__ABOUT THIS EXERCISE__. A faithful copy of all the entries is required, with no pictures in it.

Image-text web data
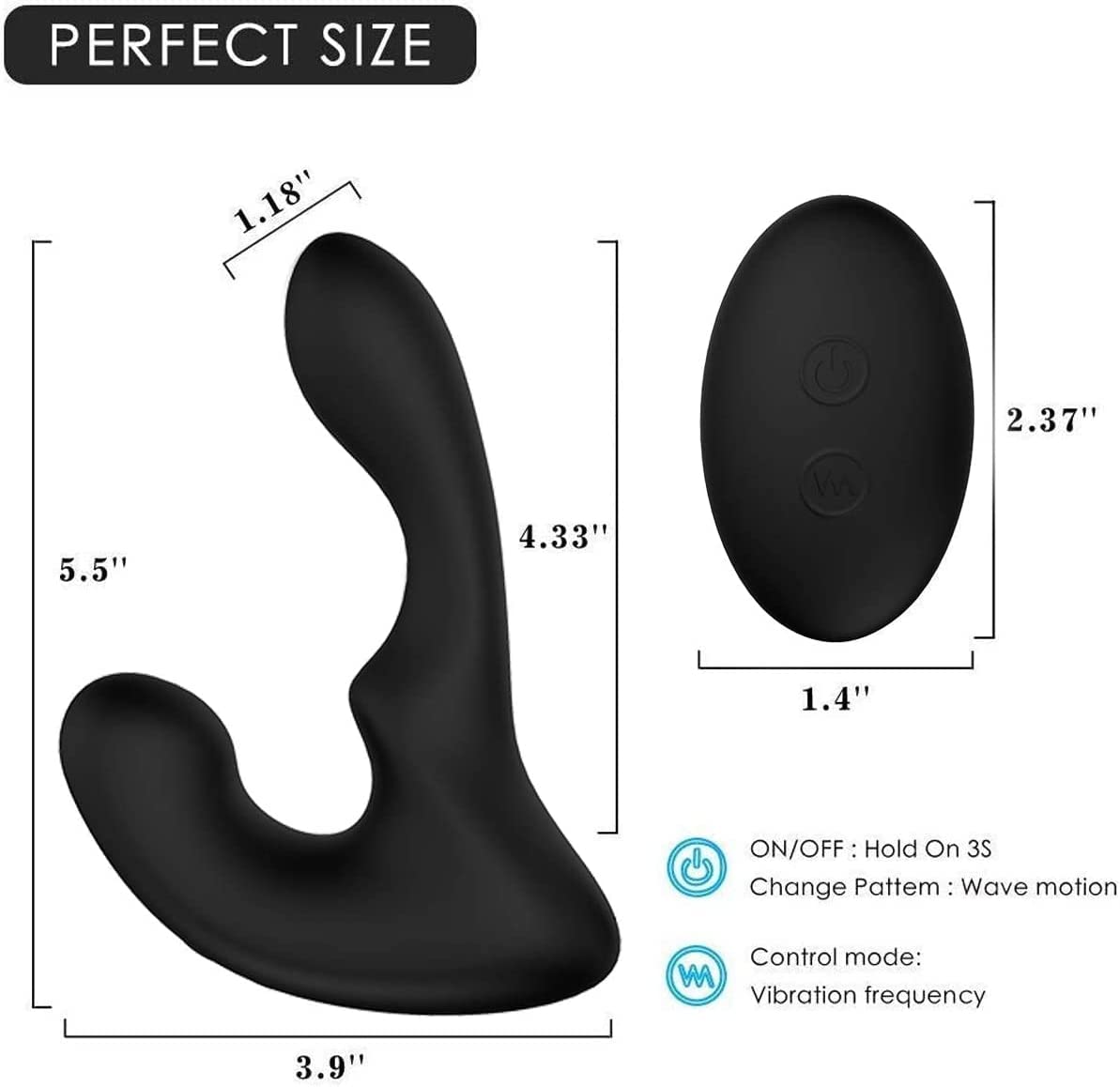 Motion Vibrating Prostate Massager with 9 Speeds Remote Controlled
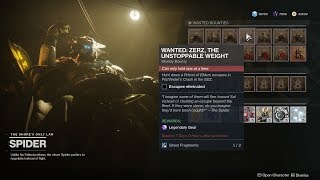 WANTED Zerz the Unstoppable Weight Location Spider Bounty Destiny 2 Forsaken [upl. by Nivat]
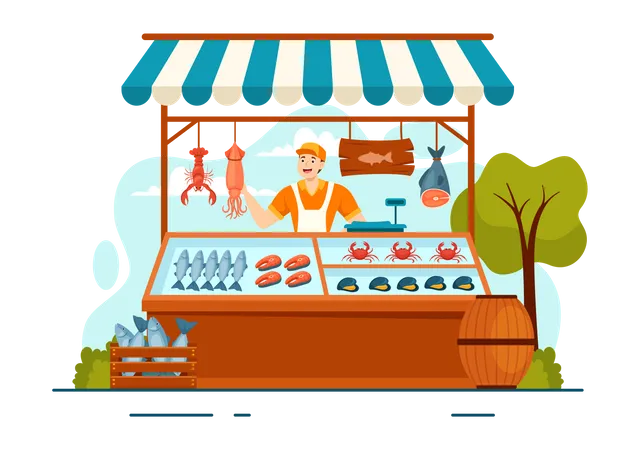 Seafood Market Stall Vector Illustration With Fresh Fish Products Such As Octopus Clams Shrimp And Lobster In Flat Cartoon Background Design Illustration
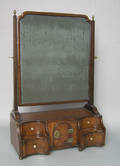 Georgian burl walnut veneer dressing mirror mid 18th c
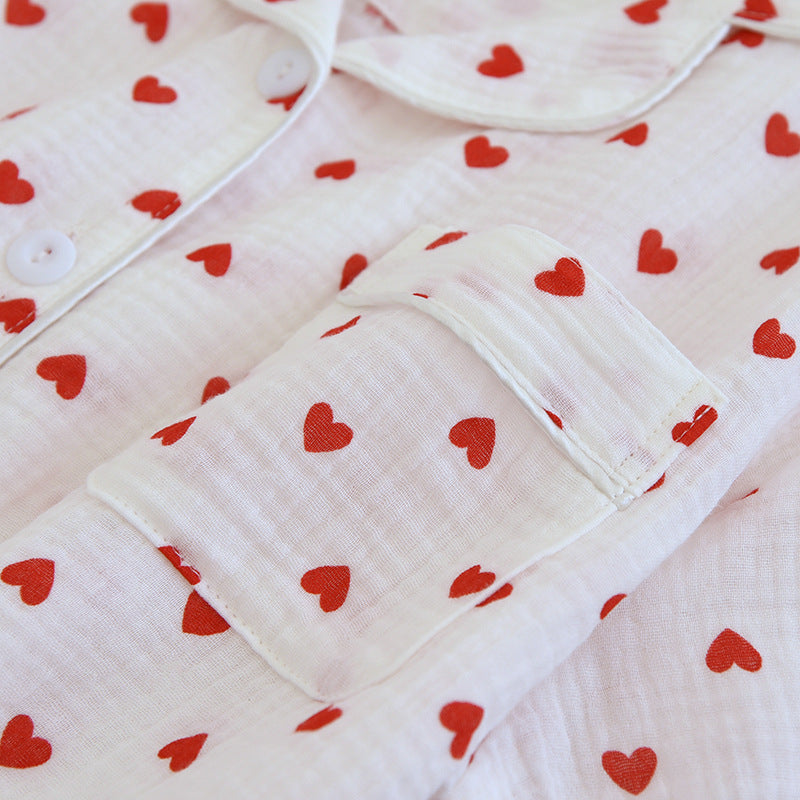 Summer Japanese Style Sweet Crepe Cotton Kimono Pajamas Lapel Cartoon Cute Printing Loose Loungewear Women 2 Piece Sleepwear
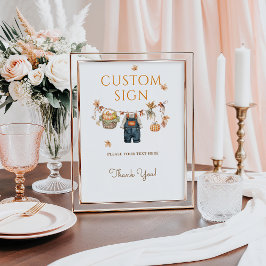 Aangepaste Teken Pompoen Rustieke Herfst Baby show Poster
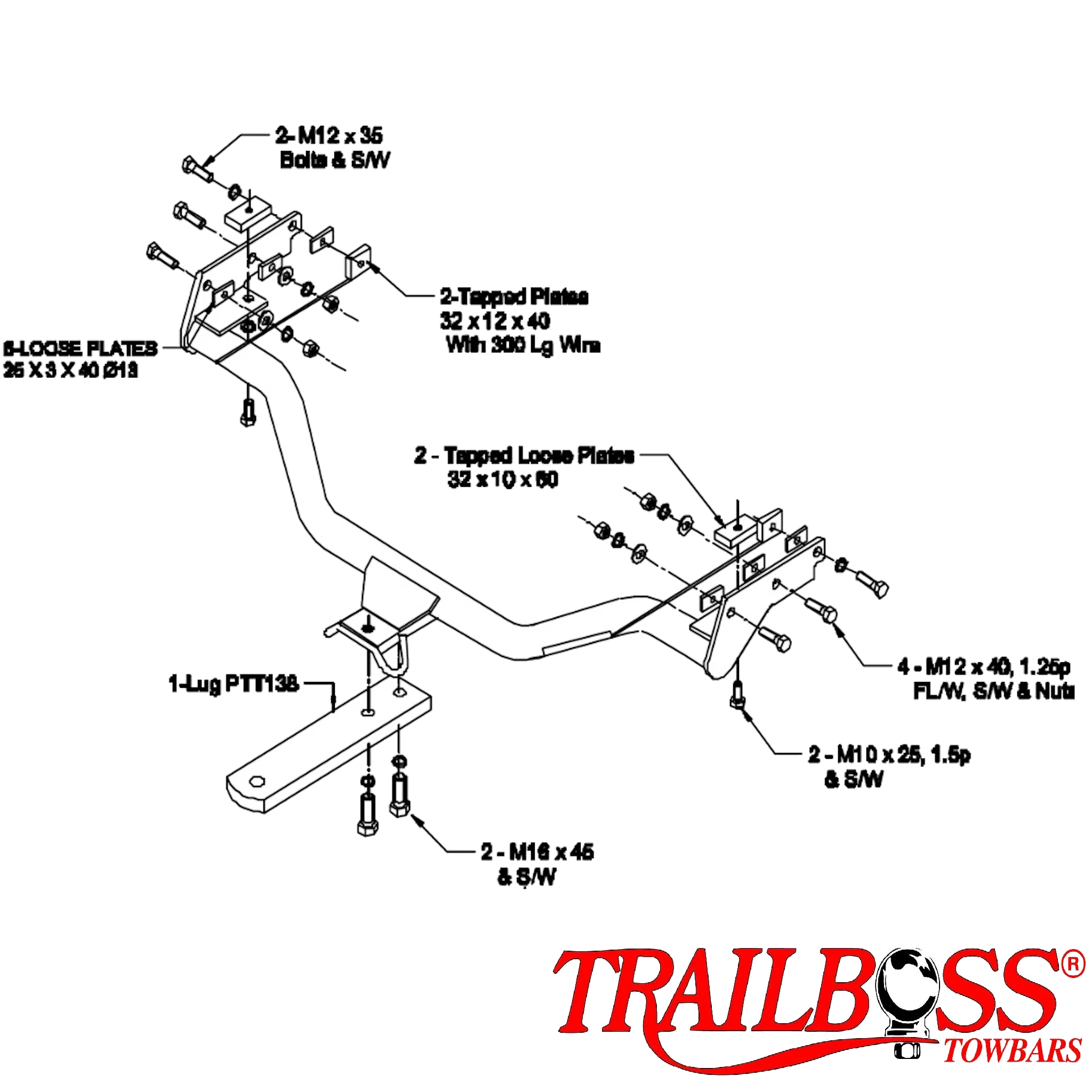 Toyota HiLux 2wd Styleside Tub Body Without Bumper 10/1983 - 03/2005 - Towbar Kit - Image 3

__SOLUTION TO THE PROBLEM__.
 Motion Vibrating Prostate Massager with 9 Speeds Remote Controlled
 WANTED Zerz the Unstoppable Weight Location Spider Bounty Destiny 2 Forsaken [upl. by Nivat]
 Seafood Market Stall Vector Illustration With Fresh Fish Products Such As Octopus Clams Shrimp And Lobster In Flat Cartoon Background Design Illustration
 Georgian burl walnut veneer dressing mirror mid 18th c
 Summer Japanese Style Sweet Crepe Cotton Kimono Pajamas Lapel Cartoon Cute Printing Loose Loungewear Women 2 Piece Sleepwear
 Aangepaste Teken Pompoen Rustieke Herfst Baby show Poster
 Toyota HiLux 2wd Styleside Tub Body Without Bumper 10/1983 - 03/2005 - Towbar Kit - Image 3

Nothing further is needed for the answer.